- Artist: Takashi Murakami
- Year: 1997
- Medium: Sculpture (oil and acrylic on fiberglass)
- Movement: Superflat
- Dimensions: 223.5 cm × 104 cm × 122 cm (7.33 ft × 3.41 ft × 4.00 ft)

= Hiropon (sculpture) =

Sculpture by Takashi Murakami

Hiropon is a sculpture created in 1997 by Japanese artist Takashi Murakami. Produced during Murakami's so-called "bodily fluids" period, the 7.33 ft (223.5 cm) tall statue depicts an anime-inspired figure expelling streams of breast milk from her nipples. Like its companion piece My Lonesome Cowboy, it is an example of superflat art, an art movement founded by Murakami in the 1990s to criticize Japanese consumer culture.

==Description==

Hiropon is an approximately seven-foot tall sculpture depicting a nude anime-inspired woman with exaggerated breasts and nipples wearing a bikini top. Her hands are clutching her nipples, which are expelling streams of breast milk that circle her body to join into a skipping rope-like shape. The sculpture is inspired by otaku culture (enthusiasts, particularly of anime and manga) and lolicon (the fetishization of young-looking girls), Murakami has stated that he was an otaku as a teenager, and that Hiropon was influenced by fantasy and erotica elements in anime and manga.

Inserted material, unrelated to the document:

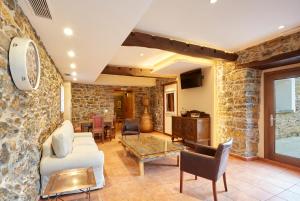 sala de estar con pared de piedra en Casa Josefa, en Murias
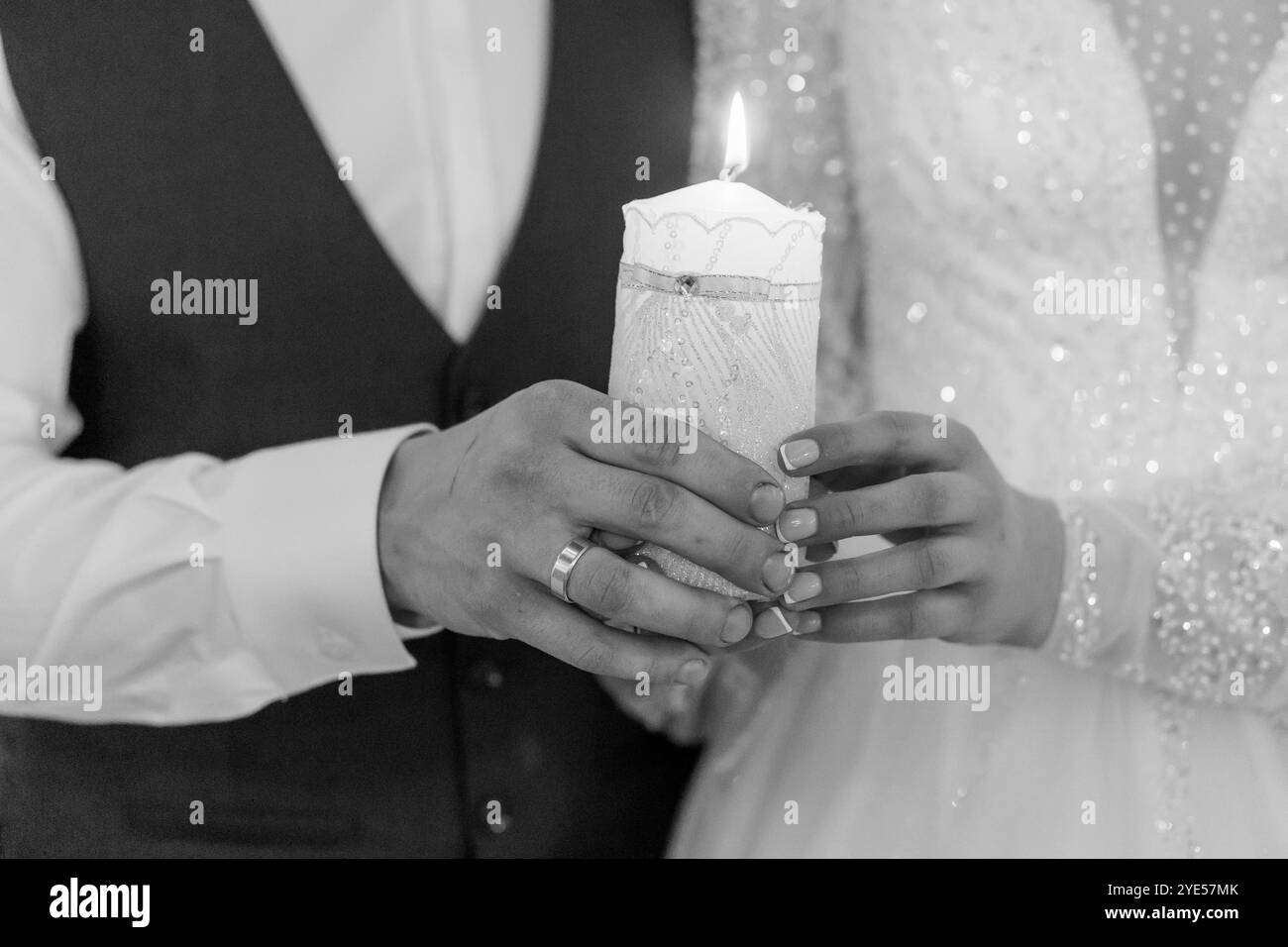 Romantische Zeremonie bei Kerzenschein mit Braut und Bräutigam, die die Unity Candle halten. Stockfoto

Like its companion piece My Lonesome Cowboy, Hiropon is an example of superflat art, a movement so named because of flat imagery, a lack of perspective and absence of hierarchy. The sculpture is specifically intended as a critique of the culture of post-occupation Japan, with Murakami arguing that the country's secondary status to the United States led to an infantilization of Japanese aesthetics and politics, "implod[ing] into fantasies of monsters and superheroes, galactic wars, cyborgs, and schoolgirls." The title of the sculpture references the Japanese term for methamphetamine, with Murakami depicting otaku culture as a form of similarly illicit entertainment.

==Casts==
Murakami produced three casts plus one artist's proof of Hiropon, with the hair color and bikini top of the figure differing in each of the casts. A cast of Hiropon sold at an auction in 2002 for USD$427,500.

==Reception==
New York Times art critic Roberta Smith wrote that both Hiropon and My Lonesome Cowboy "mesmerize through an unsettling combination of innocence, carnal knowledge, beauty, exquisite artifice and arrested movement," noting Hiropon as "especially good" compared to the "simplistically macho" My Lonesome Cowboy. She nonetheless assessed both pieces favorably, arguing "after their shock value has declined, as all shock value must, they are still interesting to look at," arguing that both pieces are more successful than the erotic sculptures of Jeff Koons and Allen Jones. Art scholar Grace McQuilten is more critical of the piece, arguing that it "was not created as a critique of the way women are represented in otaku culture. Instead, it directly appeals to the market."